[Exercise data]
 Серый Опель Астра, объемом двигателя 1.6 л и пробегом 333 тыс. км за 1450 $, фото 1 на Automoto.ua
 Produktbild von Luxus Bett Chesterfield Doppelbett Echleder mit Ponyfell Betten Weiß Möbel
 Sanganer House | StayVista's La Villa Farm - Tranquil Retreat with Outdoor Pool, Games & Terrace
* * *
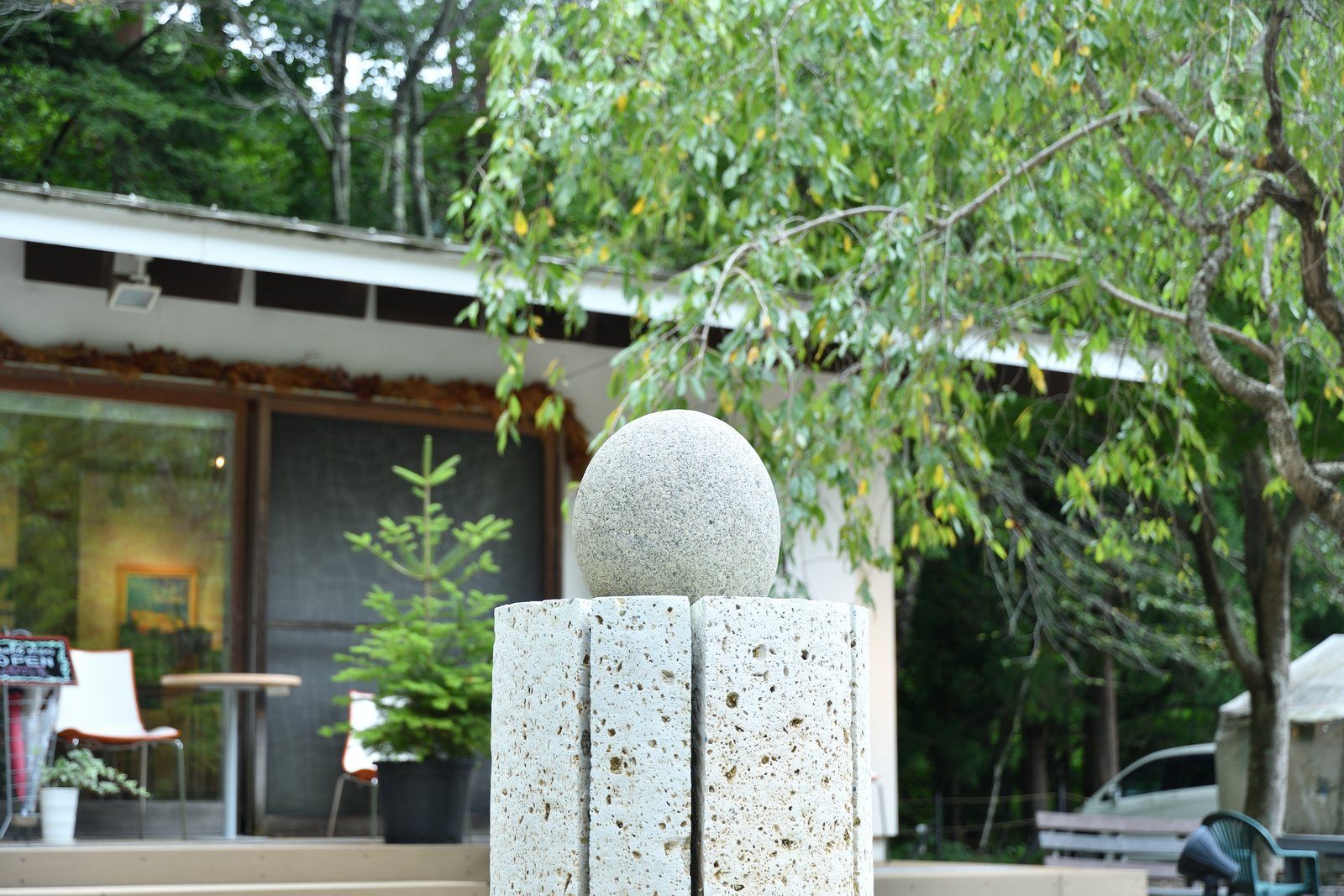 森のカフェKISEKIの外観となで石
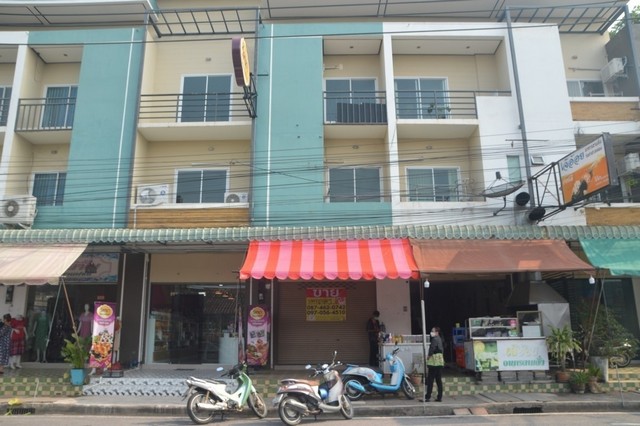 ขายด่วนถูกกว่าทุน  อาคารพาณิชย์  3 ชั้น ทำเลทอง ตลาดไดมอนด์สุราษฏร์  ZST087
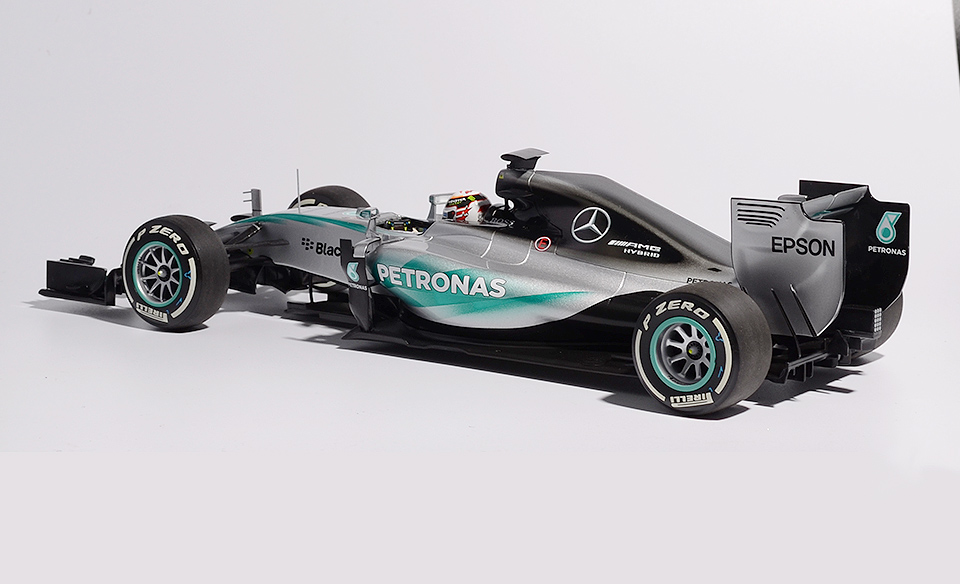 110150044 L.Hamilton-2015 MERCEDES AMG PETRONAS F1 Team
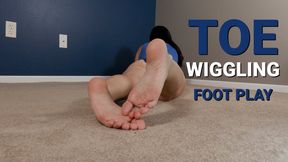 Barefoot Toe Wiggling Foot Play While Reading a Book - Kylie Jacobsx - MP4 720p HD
--
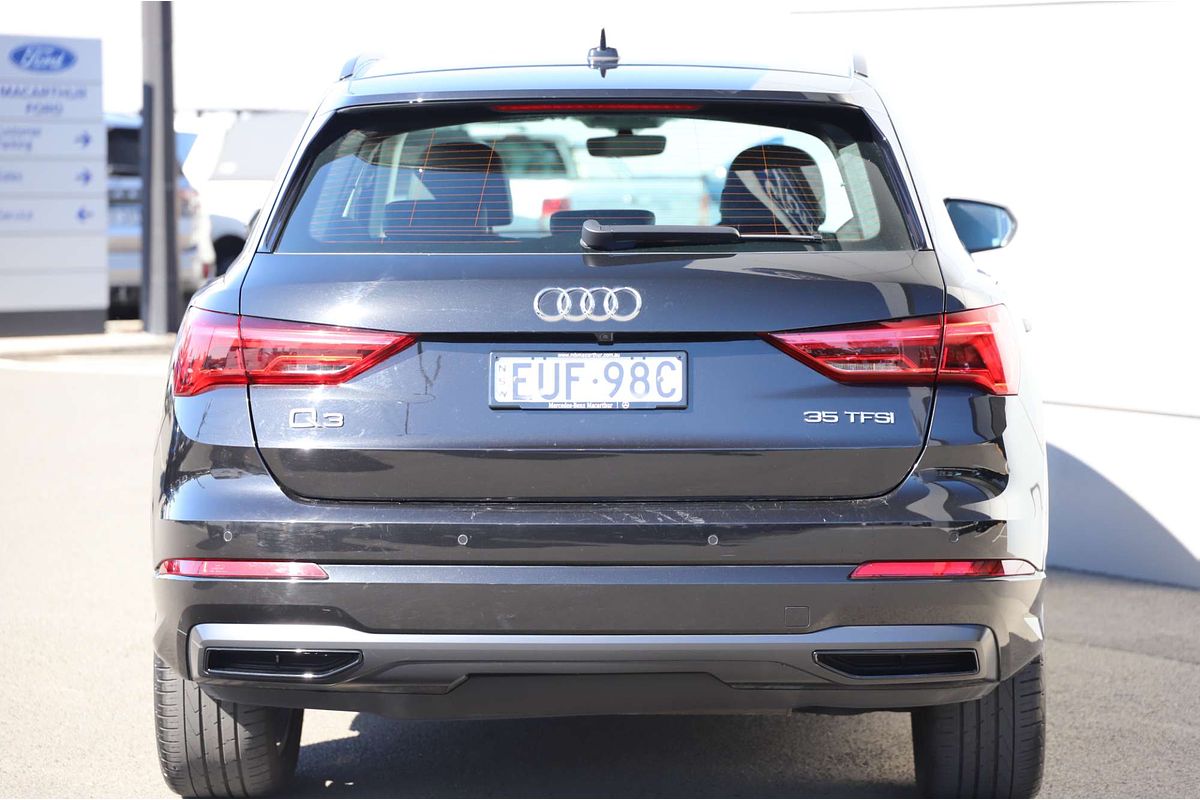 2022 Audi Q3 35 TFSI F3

[Task item] Transcribe the lines above exactly, beginning at the one with "森のカフェKISEKIの外観となで石" and ending at the one with "Barefoot Toe Wiggling". Include both; exclude the pictures.

[Answer below]
 森のカフェKISEKIの外観となで石
 ขายด่วนถูกกว่าทุน  อาคารพาณิชย์  3 ชั้น ทำเลทอง ตลาดไดมอนด์สุราษฏร์  ZST087
 110150044 L.Hamilton-2015 MERCEDES AMG PETRONAS F1 Team
 Barefoot Toe Wiggling Foot Play While Reading a Book - Kylie Jacobsx - MP4 720p HD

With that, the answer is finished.